**Task prompt:** Starting from the line that contains "34 For 45 Trump Guilty 34 Times Kids Hoodie", output every remaining line of the records below exactly as it appears, that line and the last one included.

=== Begin Enclosure ===

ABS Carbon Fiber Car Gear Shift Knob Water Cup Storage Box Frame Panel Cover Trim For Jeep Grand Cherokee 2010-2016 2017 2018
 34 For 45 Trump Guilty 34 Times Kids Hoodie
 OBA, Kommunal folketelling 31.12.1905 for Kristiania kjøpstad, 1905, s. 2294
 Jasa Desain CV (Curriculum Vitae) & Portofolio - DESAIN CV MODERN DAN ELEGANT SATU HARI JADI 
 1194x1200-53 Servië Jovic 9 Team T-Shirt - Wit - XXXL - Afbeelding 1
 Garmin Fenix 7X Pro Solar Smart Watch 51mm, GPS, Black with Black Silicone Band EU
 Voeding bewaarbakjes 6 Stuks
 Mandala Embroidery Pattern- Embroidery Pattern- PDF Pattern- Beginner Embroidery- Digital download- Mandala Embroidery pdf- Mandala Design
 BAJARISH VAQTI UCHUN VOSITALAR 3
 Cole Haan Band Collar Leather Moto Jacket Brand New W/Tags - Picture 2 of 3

=== End Enclosure ===

**Answer section:**
 34 For 45 Trump Guilty 34 Times Kids Hoodie
 OBA, Kommunal folketelling 31.12.1905 for Kristiania kjøpstad, 1905, s. 2294
 Jasa Desain CV (Curriculum Vitae) & Portofolio - DESAIN CV MODERN DAN ELEGANT SATU HARI JADI 
 1194x1200-53 Servië Jovic 9 Team T-Shirt - Wit - XXXL - Afbeelding 1
 Garmin Fenix 7X Pro Solar Smart Watch 51mm, GPS, Black with Black Silicone Band EU
 Voeding bewaarbakjes 6 Stuks
 Mandala Embroidery Pattern- Embroidery Pattern- PDF Pattern- Beginner Embroidery- Digital download- Mandala Embroidery pdf- Mandala Design
 BAJARISH VAQTI UCHUN VOSITALAR 3
 Cole Haan Band Collar Leather Moto Jacket Brand New W/Tags - Picture 2 of 3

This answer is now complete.